Specification Tests

Specification test is a very general term which really can cover many of other tests. The one absolute requirement for performing a specification test is this:

The model must incorporate more assumptions than are required to estimate its free coefficients.

For instance, if our model, in total, consists of

\begin{equation} y_t = X_t \beta + u_t , E\left( {X_t u_t } \right) = 0 , \beta \text{ unknown} \end{equation}

we have nothing to test, because the least squares residuals will be, by construction, uncorrelated with the X’s. We get specification tests when we go beyond these assumptions:

•If we assume, in addition, that the u’s are homoscedastic or serially uncorrelated, we can test those additional assumptions, because we don’t use them in estimating \(\beta\) by least squares (though we may rely on them for computing the covariance matrix).

•If we replace \(E\left( {X_t u_t } \right) = 0\) with the somewhat stronger assumption of \(E(u_t |X_t ) = 0\), we can test whether various other functions of \(X\) are uncorrelated with the residuals. The RESET test is an example of this.

•If we make the still stronger assumption that \(E\left( {X_s u_t } \right) = 0\) for all \(t,s\) (strict econometric exogeneity), we get, in the distributed lag case, Sims’ exogeneity test, which tests whether or not \(u_t\) is uncorrelated with \(X_{t+j}\).

Two basic strategies are available:

1.Compare estimates of \(\beta\) computed with and without the additional assumptions. If the additional assumptions are true, the estimates should be similar. This gives rise to “Hausman tests” (Hausman, 1978).

2.If the assumptions can be written as orthogonality conditions (\(u_t\) uncorrelated with a set of variables), seeing whether or not these hold in sample is a test of the overidentifying restrictions. The general result for this style of test is given by Hansen (1982).

Hausman Tests

Hausman tests operate by comparing two estimates of \(\beta\), one computed making use of all the assumptions, another using more limited information. If the model is correctly specified, \(\hat \beta _1 - \hat \beta _2 \) should be close to zero. The difficult part of this, in general, is that the covariance matrix of \(\hat \beta _1 - \hat \beta _2 \) is not the covariance matrix of either one alone, it is

\begin{equation} {\rm{Var}}\left( {\hat \beta _1 } \right) + {\rm{Var}}\left( {\hat \beta _2 } \right) - 2\;{\rm{Cov}}\left( {\hat \beta _1 ,\hat \beta _2 } \right) \end{equation}

and computing the covariance term is quite unappealing. However, in Hausman’s (1978) settings, the covariance matrix of the difference simplifies to

\begin{equation} {\rm{Var}}\left( {\hat \beta _1 } \right) - {\rm{Var}}\left( {\hat \beta _2 } \right) \label{eq:HausmanCovMat} \end{equation}

where \(\hat \beta _1 \) is the less efficient estimator. This result is valid only when \(\hat \beta _2 \) is efficient and \(\hat \beta _1 \) is based upon the same or a smaller information set.

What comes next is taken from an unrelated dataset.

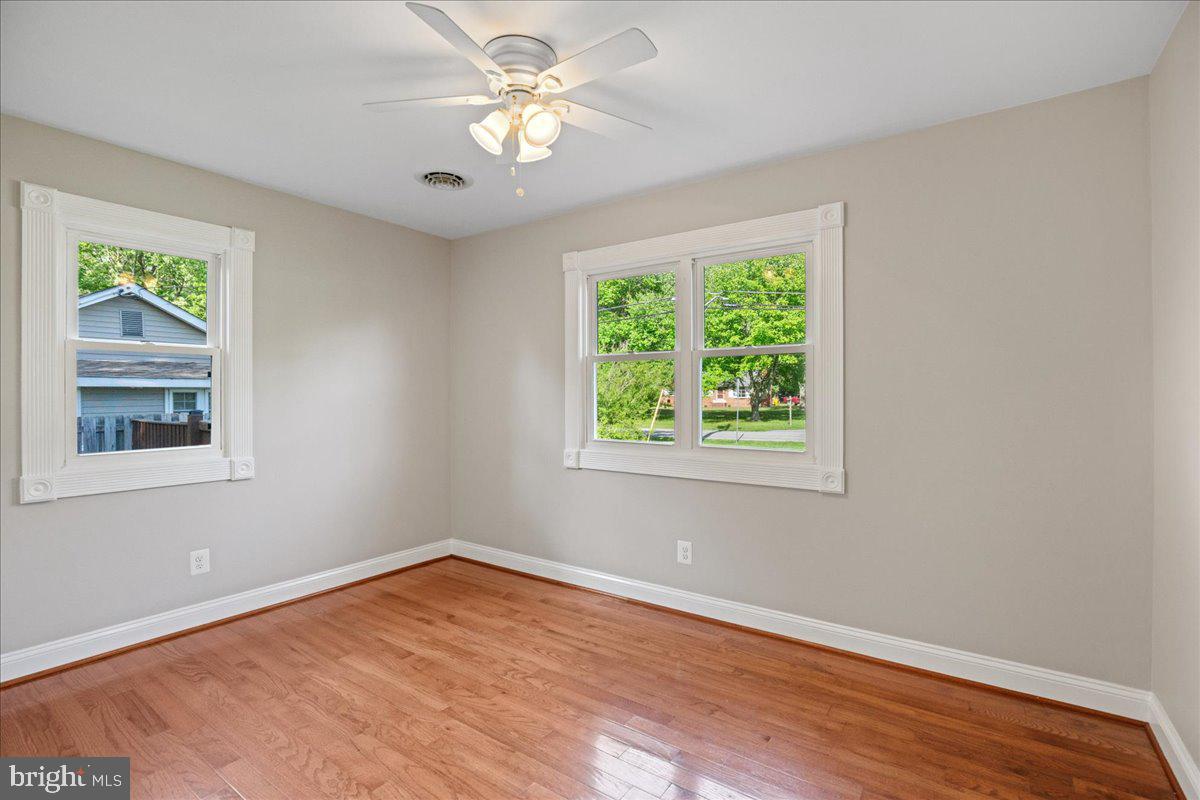743 Masons Beach Road Deale, MD 20751 - Photo 28 of 39 Bedroom 3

Note that it is quite difficult to do a Hausman test properly using the direct comparison of estimators. To get the correct behavior any “nuisance parameters” such as residual variances need to match up in the covariance estimators in \eqref{eq:HausmanCovMat}, which is usually not what you will get by using standard estimators, since each will come up with its own estimator for those. In many cases the Hausman test is identical to a test that is done using an auxiliary regression, and when that’s the case, it’s usually better to use the alternative method.

Procedure

If you would like to perform a Hausman test by the direct comparison of estimators, follow these steps:

1.Estimate the model using one of the two estimators. (The order only matters if the nuisance parameters from one are needed to do the estimates on the other.) Save its coefficient vector (%BETA) and covariance matrix (%XX) into other matrices and save the nuisance parameters if needed later.

2.Estimate the model using the second estimator. Figure out what you have to do to get the comparable estimators for the covariance matrix. Compute the difference between the two properly estimated covariance matrices (less efficient less more efficient).

3.Use TEST with the options ALL and VECTOR=saved coefficients and COVMAT=difference in covariance. This tests for equality between the two estimated coefficient vectors. The covariance matrix of the difference will probably not be full rank. However, TEST will determine the proper degrees of freedom.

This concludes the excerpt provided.